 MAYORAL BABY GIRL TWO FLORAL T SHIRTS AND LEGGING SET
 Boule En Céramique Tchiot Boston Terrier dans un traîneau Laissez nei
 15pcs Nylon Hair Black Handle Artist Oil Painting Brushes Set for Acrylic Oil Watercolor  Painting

- - - - - - -

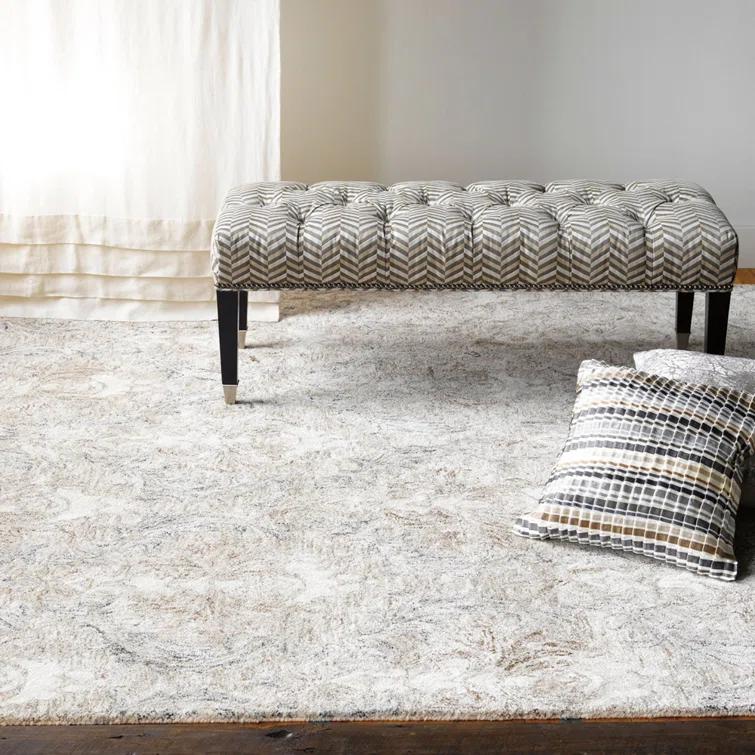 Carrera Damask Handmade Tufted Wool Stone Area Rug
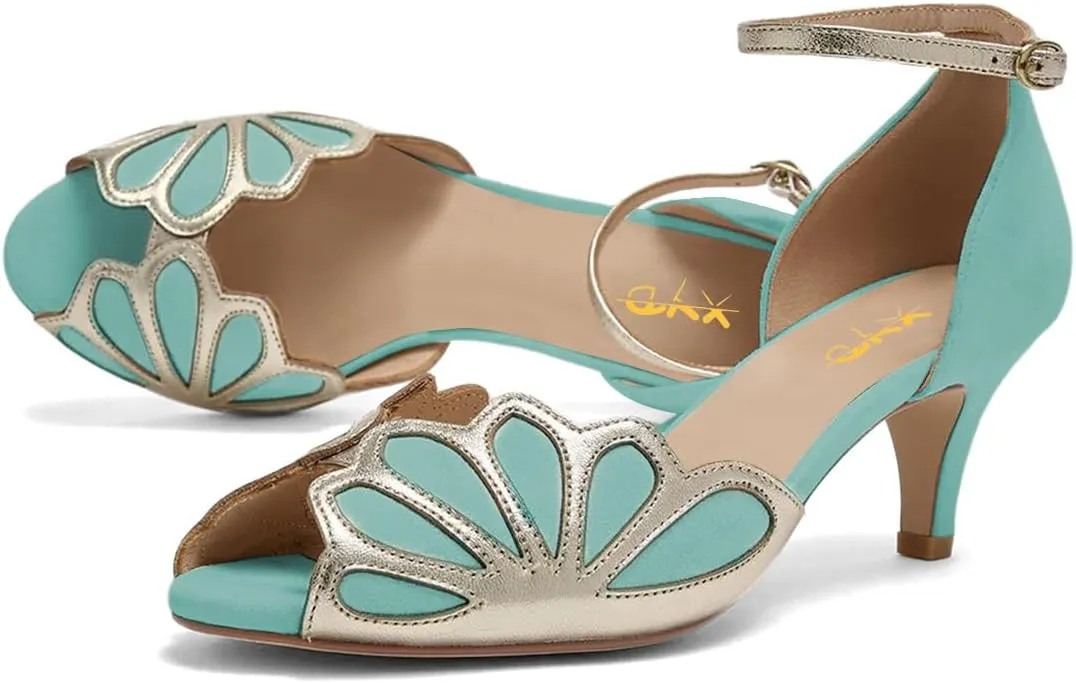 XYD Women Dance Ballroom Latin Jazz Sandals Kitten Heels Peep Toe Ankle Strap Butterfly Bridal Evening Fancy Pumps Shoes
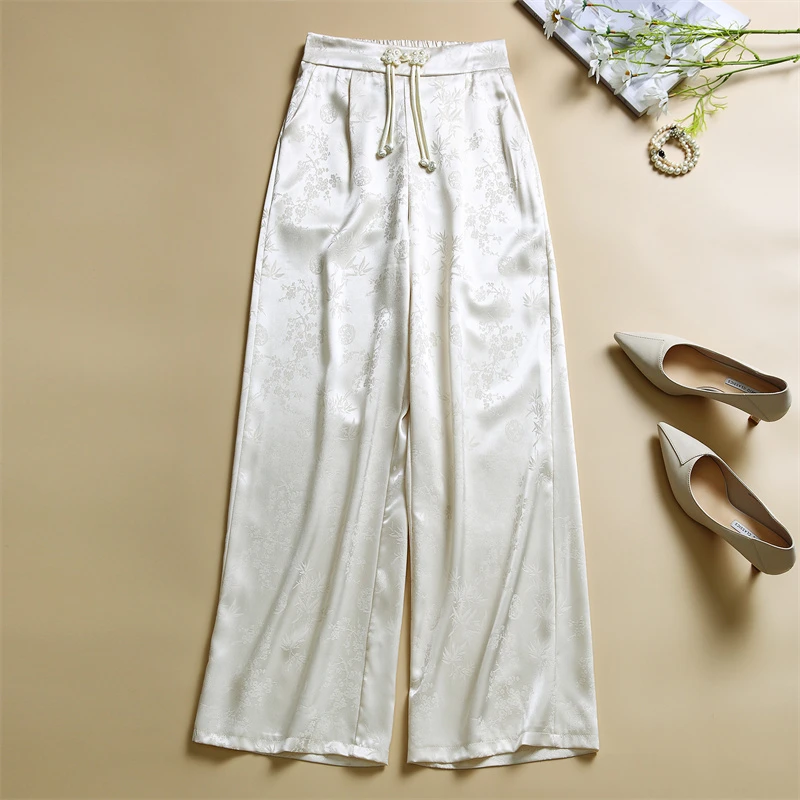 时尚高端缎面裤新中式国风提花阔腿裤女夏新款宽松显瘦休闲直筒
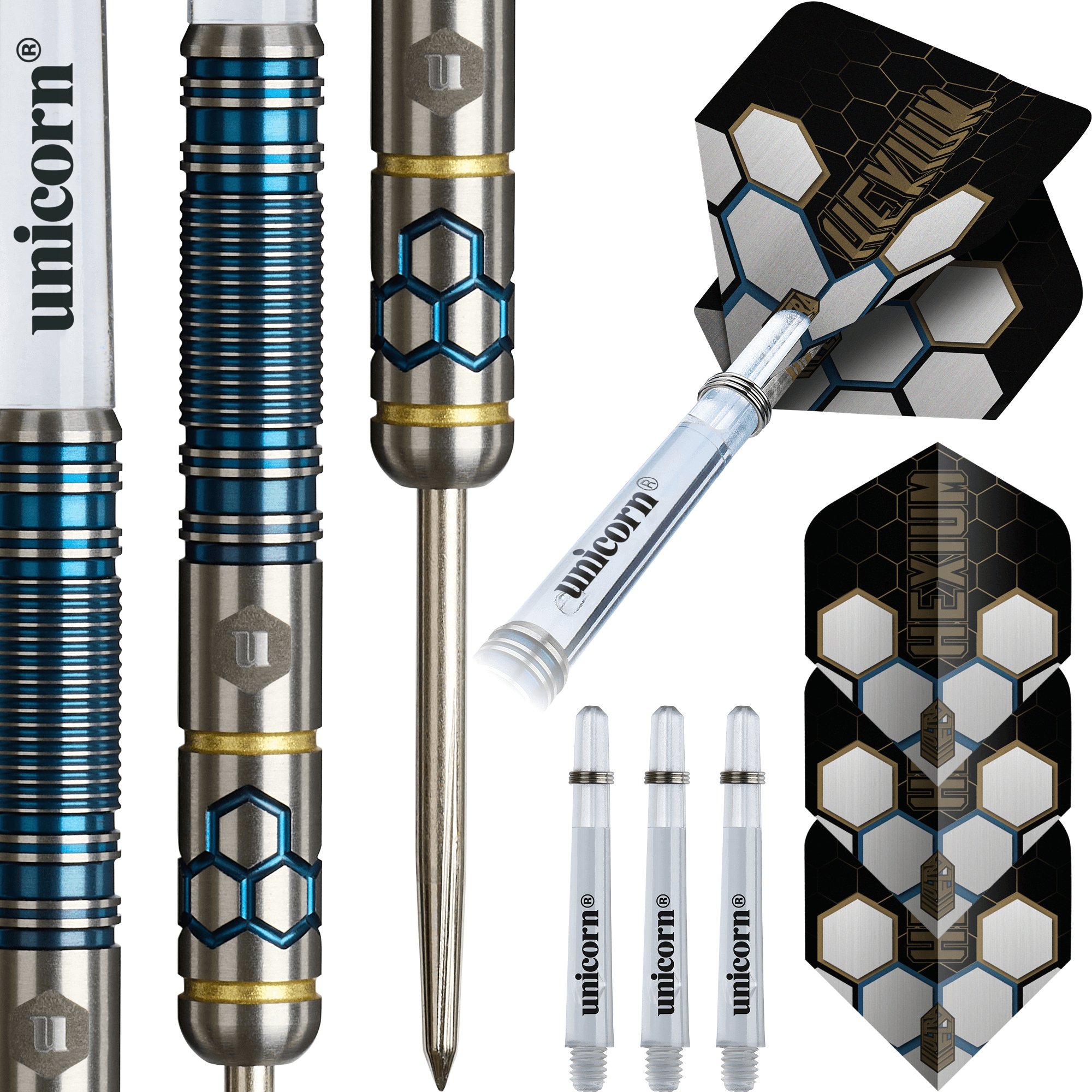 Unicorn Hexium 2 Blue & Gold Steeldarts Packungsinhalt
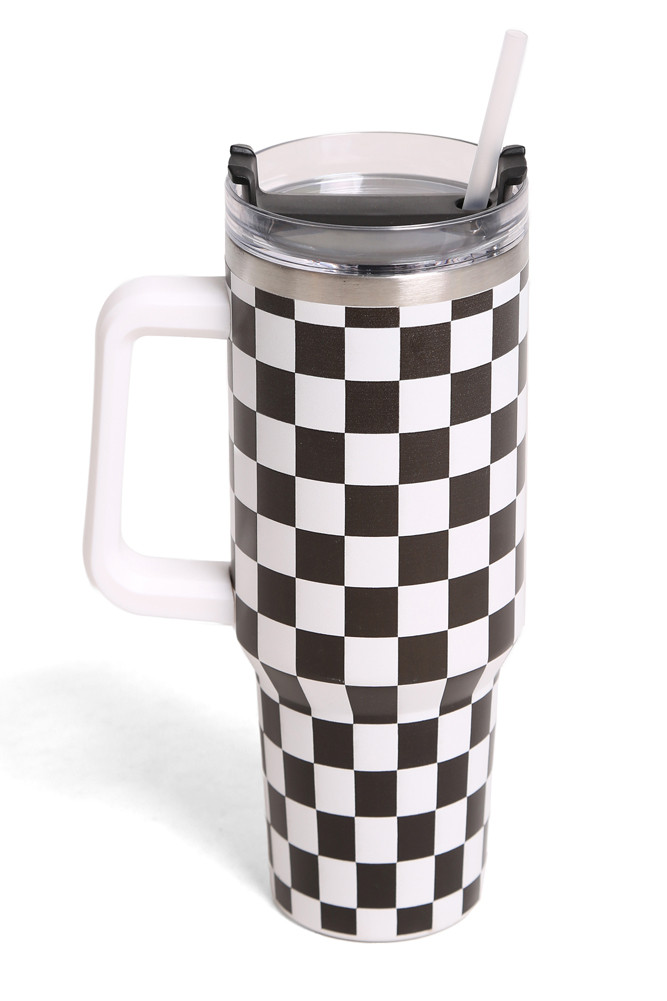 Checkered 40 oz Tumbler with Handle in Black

- - - - - - -

Aim of the exercise
Print exactly the lines above from the one with "MAYORAL BABY GIRL" to the one with "15pcs Nylon Hair", including both.

Final answer
 MAYORAL BABY GIRL TWO FLORAL T SHIRTS AND LEGGING SET
 Boule En Céramique Tchiot Boston Terrier dans un traîneau Laissez nei
 15pcs Nylon Hair Black Handle Artist Oil Painting Brushes Set for Acrylic Oil Watercolor  Painting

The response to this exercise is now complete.